Tavern Talk with William Shepherd
at
The Cinque Ports Academic Inn

16th September 1990

William Shepherd takes afternoon tea at The Mermaid Inn on Monday, Wednesday and Friday between 4.15 pm. and 5.30 pm. Visitors to Rye are welcome to join him after they have finished their discussions with Henry James over at Lamb House.

Academic Inn Guests

William Shepherd (44) Author of 'The Rise & Fall of The Swedish Green Party (1982-1997)' and a scholar of The Cinque Ports Academic Inn.
Tom Barnes (17) Fourth World Young Scholar currently studying English History and English Literature for his GCE 'A' Levels at d'Overbroeck's Tutorial College in Oxford.
Thore Jonason (18) Fourth World Bergman Scholar currently engaged in Theatre Studies and Swedish GCE 'A' Level at Duff Miller College in Kensington

About The Book 

With sound bioregional awareness, this book is set on the Baltic island of Gotland and in the Swedish city region of Stockholm and provides the key to understanding the forces at work in our representative democracies - forces which green movements everywhere must come to terms with if they are to play their vital part in re-establishing a right balance between the pursuit of power and property and the celebration of creation and community.  

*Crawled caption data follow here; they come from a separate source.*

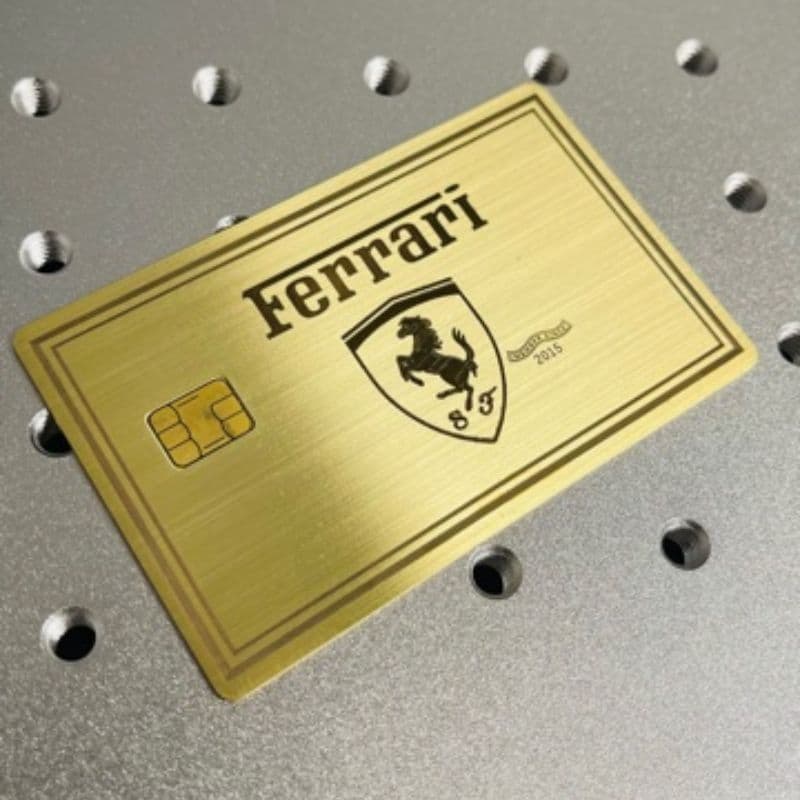 Ferrari Card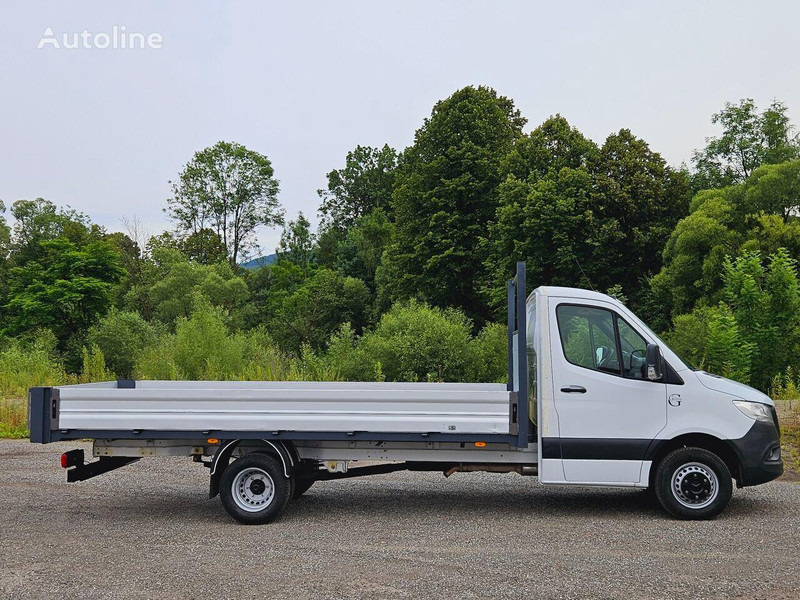 Mercedes-Benz Sprinter 519 CDI Flatbed - Камион со платформа: слика 4 Mercedes-Benz Sprinter 519 CDI Flatbed - Камион со платформа: слика 4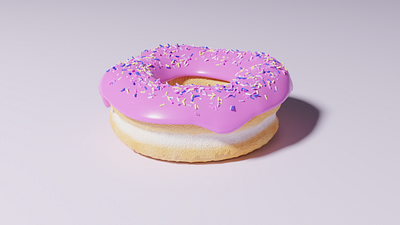 Donut project animation design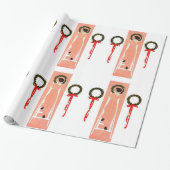 Hanging Wrearies Cadeaupapier (Uitgerold)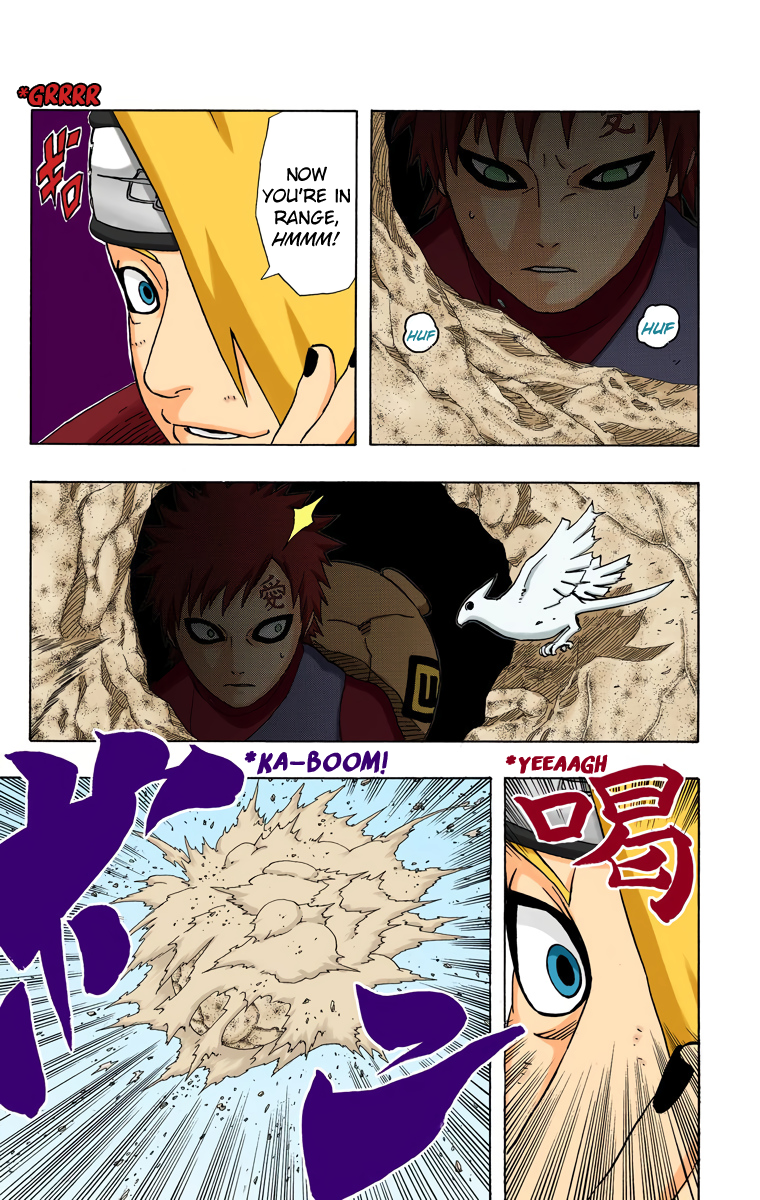 Chapter 249            The Kazekage Stands Tall...!! Page 13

If you are interested in the world of political ideas and are seeking to understand the philosophy behind our political parties then this book, written for a teenage audience by William Shepherd, a regular contributor to Fourth World Review provides a concise, entertaining and readable introduction to the political environment in which green parties must learn the tactical skills of competition and cooperation.  

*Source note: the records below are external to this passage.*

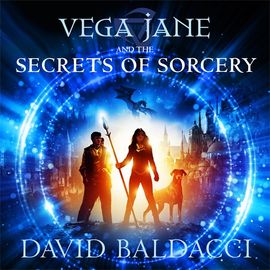 Book cover for Vega Jane and the Secrets of Sorcery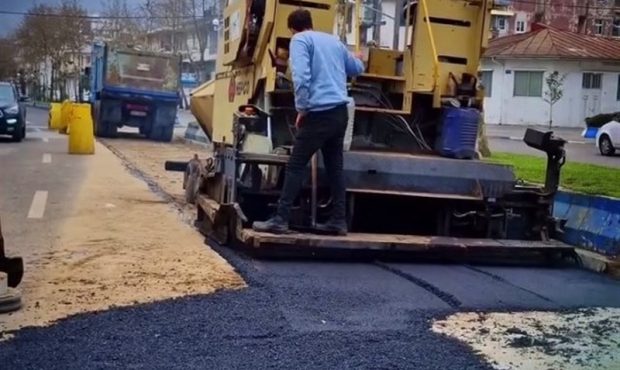 بازگشت کارخانه آسفالت شهرداری به چرخه خدمات‌رسانی در بندر درانزلی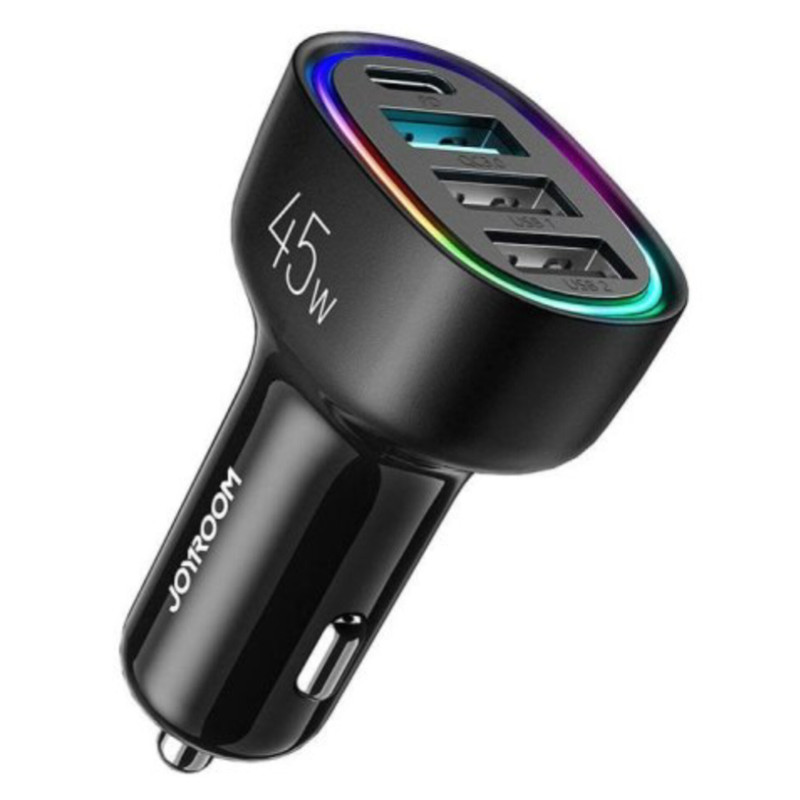 شارژر فندکی 45 وات جوی روم مدل   CL09 4PORT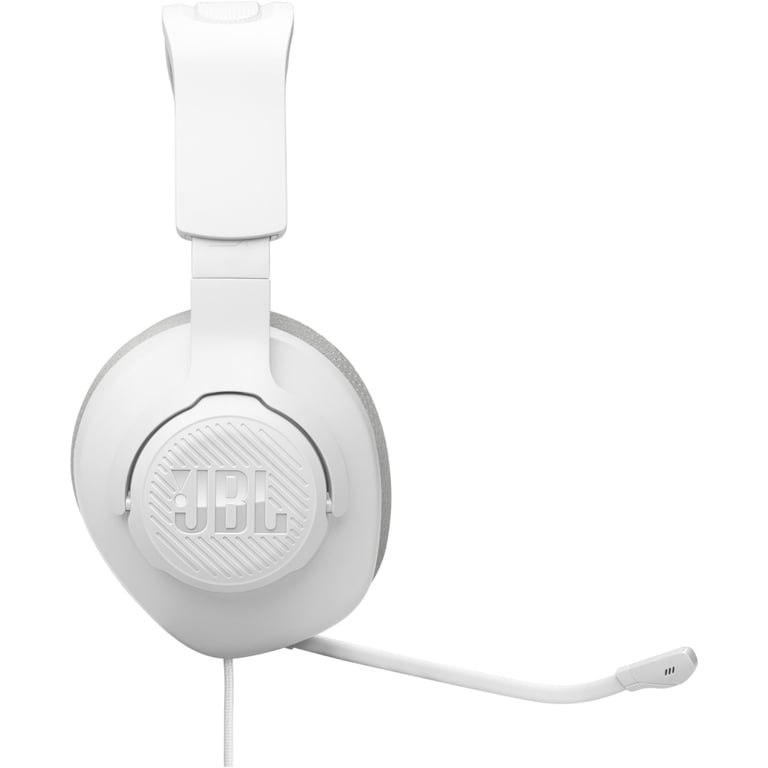 Навушники JBL Quantum 100M2 White (JBLQTUM100M2WHT) - фото 5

TB: Thanks for the book, Mr. Shepherd. It was brilliant.

WS: Good. I'm glad you liked it. I hope you weren't disappointed that there wasn't much about The Swedish Green Party in it.

TB: No, actually that was a relief. Books on politics are usually so boring, but once I'd started this and began to get into the style of it, I couldn't put it down. I think I finished it in an evening. And I didn't even notice that I'd missed the highlights of one of the World Cup games.

WS: What made you read it in the first place if you hate boring political books?

TB: Well, I don't hate them exactly. In fact I'm always going on about politics. I mean Alice Cooper's stuff is all political, and even some of the really big hits...The Housemartins' with Build for instance...are really brilliant political criticism. But it's like there's two worlds. Our world with Heavy Metal and House Music and all that. And then The Grown-Up World of books and letters and elections and political parties.

TJ: Yes, I know exactly what you mean. It is the same for us in Sweden. I thought you had got it just right, Sir, when you went on about The General Election being a religious festival in Sweden and the devout Swedish citizen presenting herself at the Altar of Democracy and making the sign of the cross upon the ballot paper. I can't remember where that bit came.

TB: From the Suburban Politics chapter. I remember because I went back to find the bit about ROB. You remember. Returns on Bribery (ROB) were 72.36% higher than propaganda broadcasting on Radio Gotland. And I was surprised to find it there just a few lines after the stuff about the Democracy God having laid claim to the land.

TJ: Yes, our English teacher at STS a couple of years back had us doing some analysis. It was really interesting how condensed everything was. A sentence would start with one train of thought and by the end you would find yourself in a completely different thought universe. The teacher seemed to really enjoy explaining some of the complex associations that certain words have, and how you would lead into the word on one meaning and then pull out of it riding on the other meaning.

WS: It's strange for me sitting here listening to this, because I wrote it. But yet in a funny way, it might be more accurate to say that it wrote me. Ivan Illich wrote a little book a couple of years ago with Barry Sanders called ABC: The Alphabetization of The Popular Mind. And, in this, he discusses the work of a professor by the name of Parry who was teaching at Harvard in the 1920s. Parry was fascinated by Homer's sagas The Iliad and The Odyssey and devoted a great deal of his life to their study. What he concluded was that there is something which I now call The Homeric Mode in which a writer is 'wired up' differently than when he is writing in the more academic 'Critical Mode' or Emersonian Mode as I like to refer to it so as to get students interested in Emerson's essay on Man Thinking.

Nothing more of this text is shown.